» Exercise
With images removed, transcribe each record exactly as it appears.

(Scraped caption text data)
--------------------------------------------------
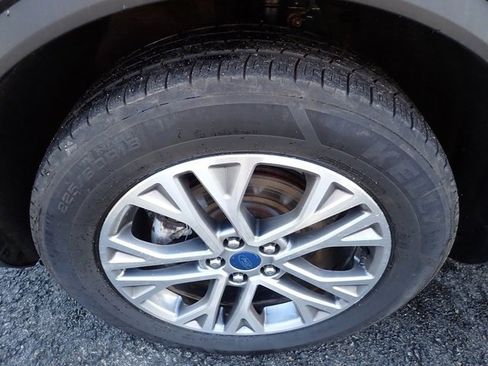 Certified 2022 Ford Escape SEL image 13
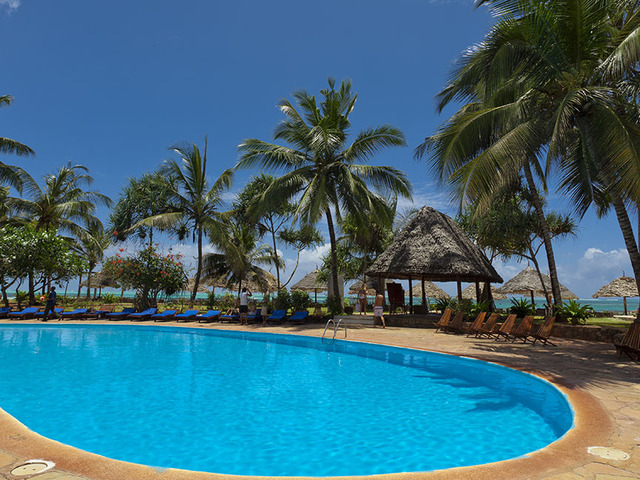 фото отеля Kiwengwa Beach Resort изображение №1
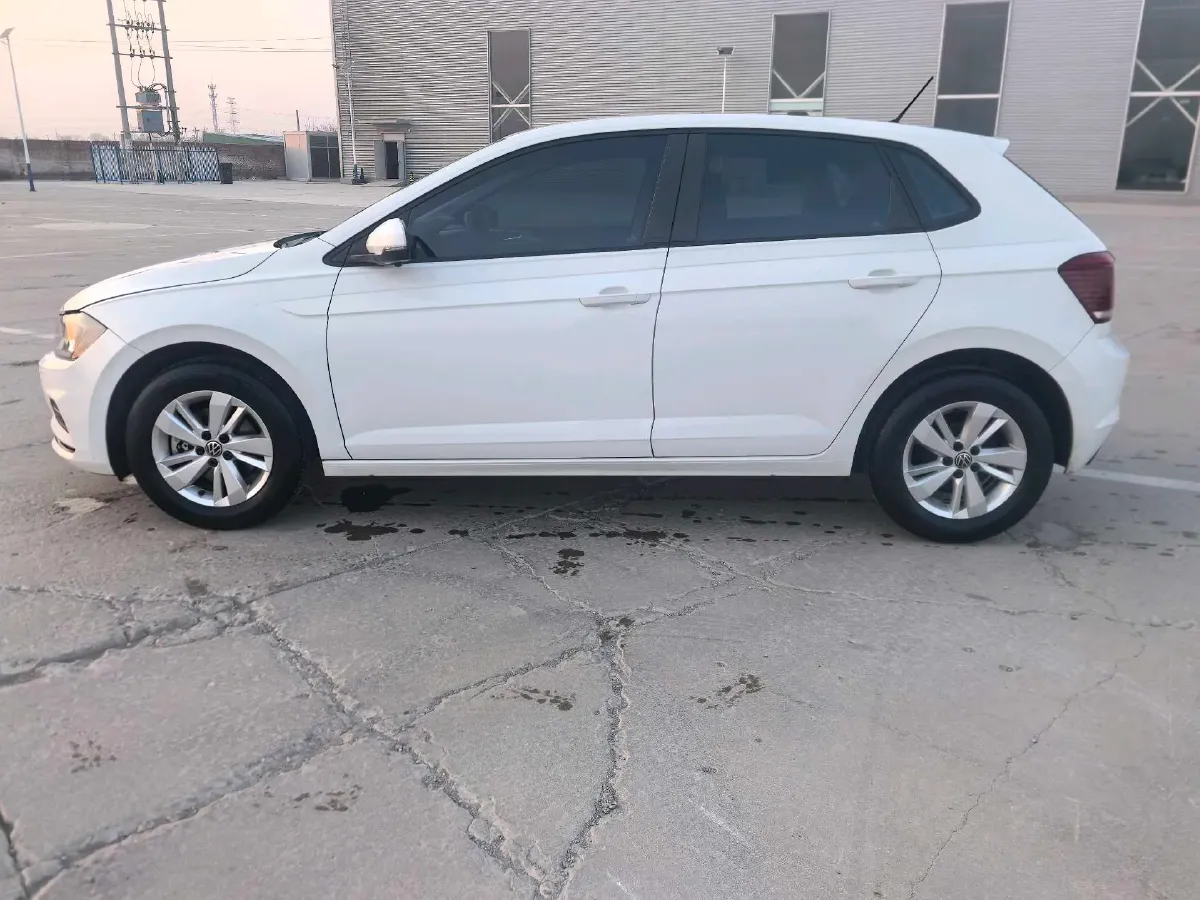 2023 Volkswagen Polo 1.5L 113HP L4 6AT,autocango,china used car exporter,china ev exporter,chinese used car exporter,chinese used ev exporter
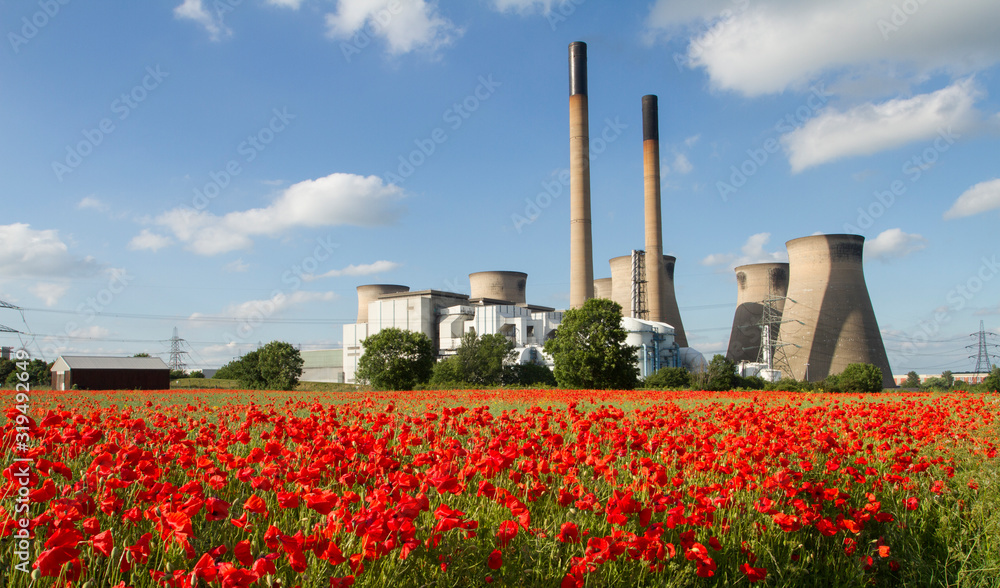 Obraz premium Ferrybridge Power Station in England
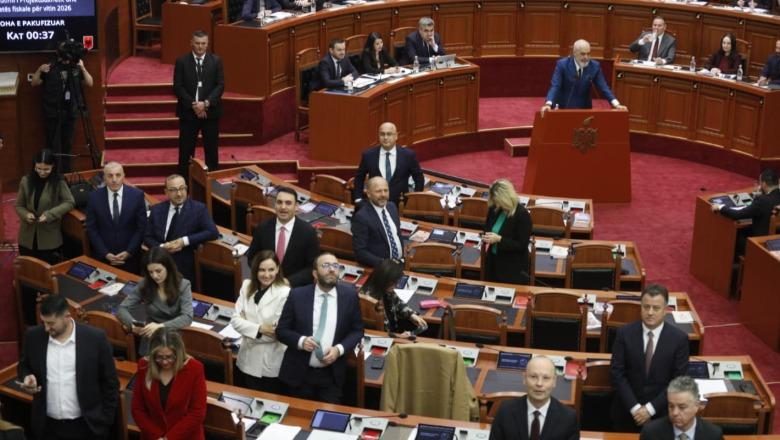 Deputetët e PD i kthejnë kurrizin, Rama në Kuvend: Më mirë shpina sesa fytyra juaj! Ironizon Nokën: Besnikëria jote ndaj Berishës, monopol! Je rrotë më rrotë me Lei Fengin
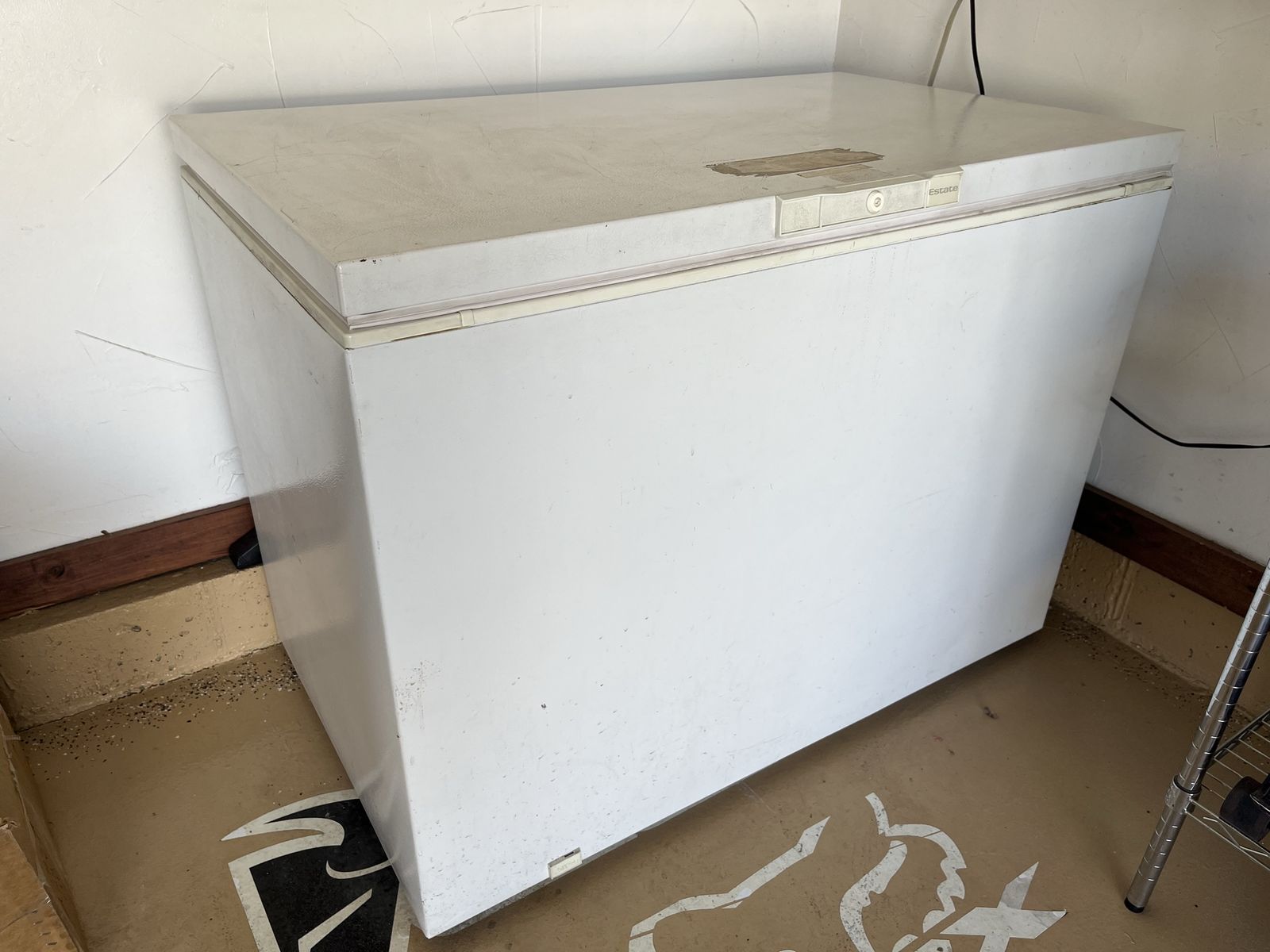Estate (Whirlpool) 14.8 Cu Ft White Chest Freezer Used
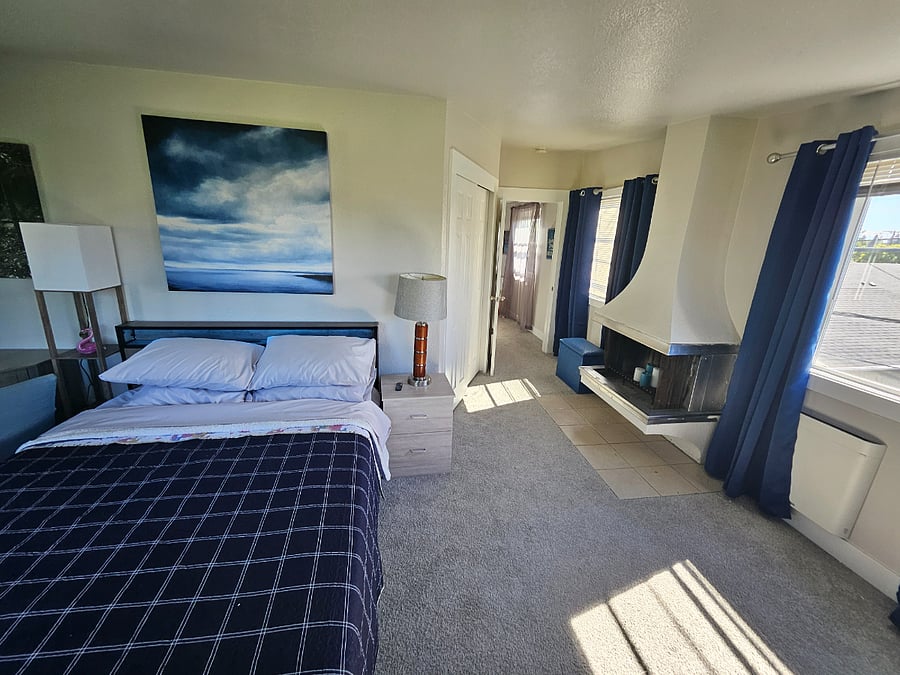 Bedroom 1 (Upstairs)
--------------------------------------------------
» Solved exercise
 Certified 2022 Ford Escape SEL image 13
 фото отеля Kiwengwa Beach Resort изображение №1
 2023 Volkswagen Polo 1.5L 113HP L4 6AT,autocango,china used car exporter,china ev exporter,chinese used car exporter,chinese used ev exporter
 Obraz premium Ferrybridge Power Station in England
 Deputetët e PD i kthejnë kurrizin, Rama në Kuvend: Më mirë shpina sesa fytyra juaj! Ironizon Nokën: Besnikëria jote ndaj Berishës, monopol! Je rrotë më rrotë me Lei Fengin
Estate (Whirlpool) 14.8 Cu Ft White Chest Freezer Used
 Bedroom 1 (Upstairs)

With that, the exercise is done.